**DATA**
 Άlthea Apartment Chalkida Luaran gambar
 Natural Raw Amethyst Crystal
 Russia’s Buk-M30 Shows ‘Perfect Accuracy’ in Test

**TASK**
Exactly as shown above, copy out the material.

**REPLY TO THE EXERCISE**
 Άlthea Apartment Chalkida Luaran gambar
 Natural Raw Amethyst Crystal
 Russia’s Buk-M30 Shows ‘Perfect Accuracy’ in Test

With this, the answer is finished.